B. All copies of your app behave the same, so the user might be communicating with person A1 when they expected to be communicating with person Al [1].
In a peer-to-peer app you must have each app generate its own identity. That avoids both problem A and problem B. The main issue is that generating an identity is not easy.
The option I like the best is to create a web service that issues identities to email addresses. The workflow would look something like this:
1. user starts your app
2. your prompt them for their email address
3. you send an identity request to your web service
4. your web service sends the user an email
5. user clicks a link in the email to verify their email address
6. the web service issues the user a certificate, signed by the web service's custom root certificate
7. the web service sends the user the certificate and its associated private key, wrapped up in PKCS#12 blob attachment; this attachment does not have with the standard extension/MIME type, but a custom extension/MIME type that's claimed by your app
8. the web service optionally forgets the user's private key (things are more secure if you forget it, but it's not as easy for the user to refetch their identity if they lose it)
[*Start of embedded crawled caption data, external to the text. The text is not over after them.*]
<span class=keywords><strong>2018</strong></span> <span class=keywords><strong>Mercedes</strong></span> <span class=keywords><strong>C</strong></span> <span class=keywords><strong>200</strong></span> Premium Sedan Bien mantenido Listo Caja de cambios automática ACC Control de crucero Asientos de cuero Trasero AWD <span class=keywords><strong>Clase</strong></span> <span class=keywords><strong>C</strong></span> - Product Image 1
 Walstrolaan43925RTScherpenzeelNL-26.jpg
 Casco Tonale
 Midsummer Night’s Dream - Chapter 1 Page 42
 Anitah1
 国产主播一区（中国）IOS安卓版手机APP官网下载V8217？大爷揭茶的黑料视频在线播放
9. user opens that attachment in Mail
10. your app gets the PKCS#12 and installs it in the keychain ready for future use
This approach has a number of important advantages:
o The crypto heavy lifting is done on the server hosting your web service, which presumably has a fully-featured crypto toolbox.
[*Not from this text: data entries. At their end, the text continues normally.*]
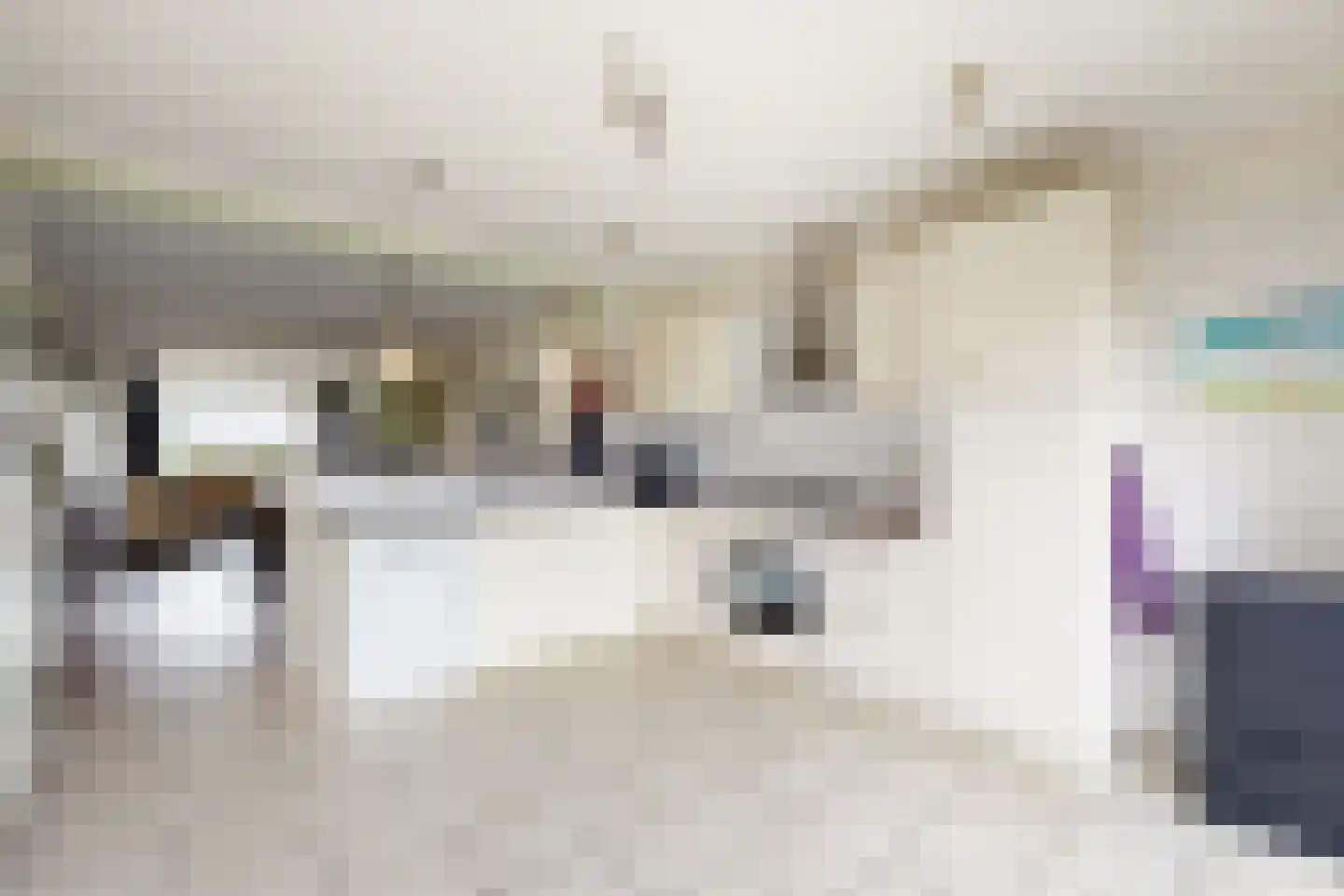 Oliemolenstraat 38 Klundert thumbnail 23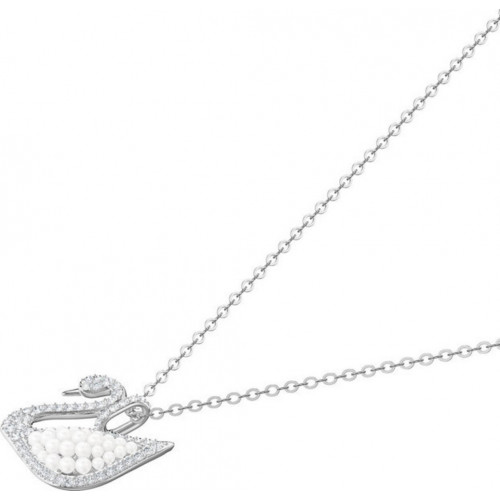 Подвеска Swarovski 5411791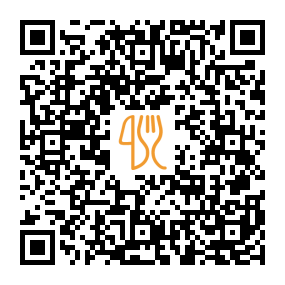 Enlace de código QR al menú de はま Shòu Sī Jié Chéng Diàn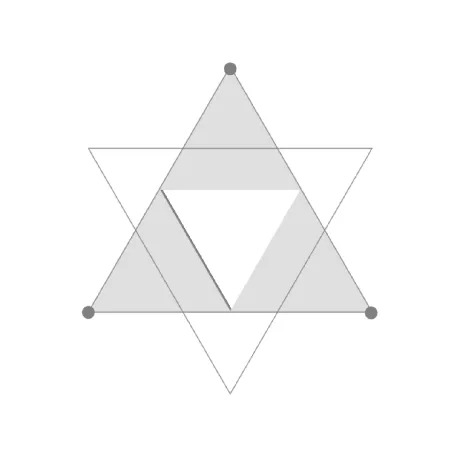 Profile Image of the Author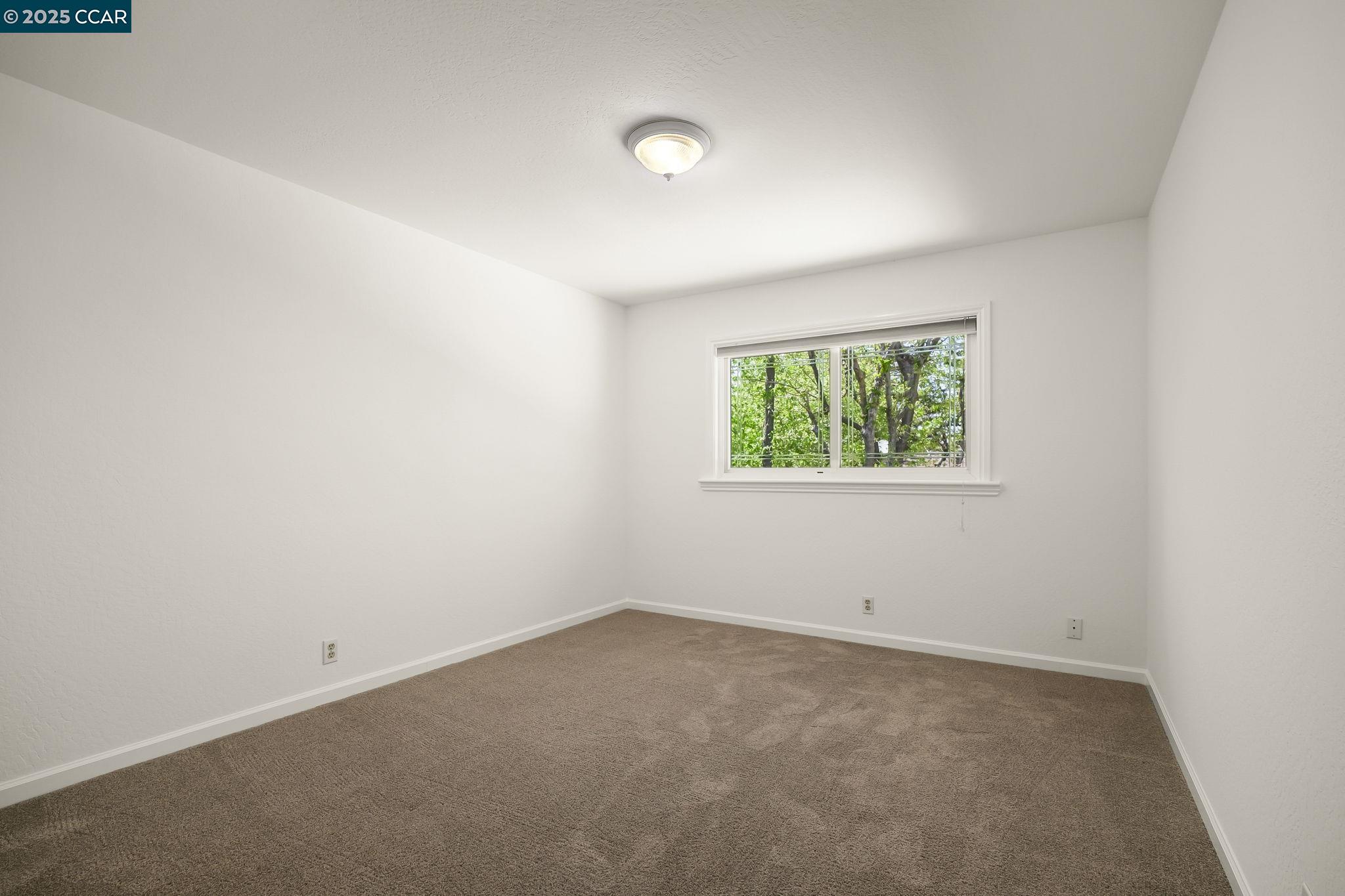Detail Gallery Image 25 of 33 For 190 Mt Wilson Way, Clayton,  CA 94517 - 5 Beds | 3 Baths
o It works equally well for iOS and Mac apps.
o It actually gives you some real security; when connecting via TLS, you can a) verify that the identity was issued by your custom root certificate (it's safe to embed that in your app), and b) show the local user the email address of the remote peer and faithfully tell the local user that the remote user controls that email address.
There are, of course, some significant drawbacks:
o It's a bunch of extra work for you.
o The user must be online during the setup phase.
Share and Enjoy
--
Quinn "The Eskimo!" <http://www.apple.com/developer/>
Apple Developer Relations, Developer Technical Support, Core OS/Hardware
[1] This happens a lot in the real world. In addition to my work email address of <email@hidden>, I also have the alias <email@hidden>. I receive a whole bunch of weird and wonderful emails at that address.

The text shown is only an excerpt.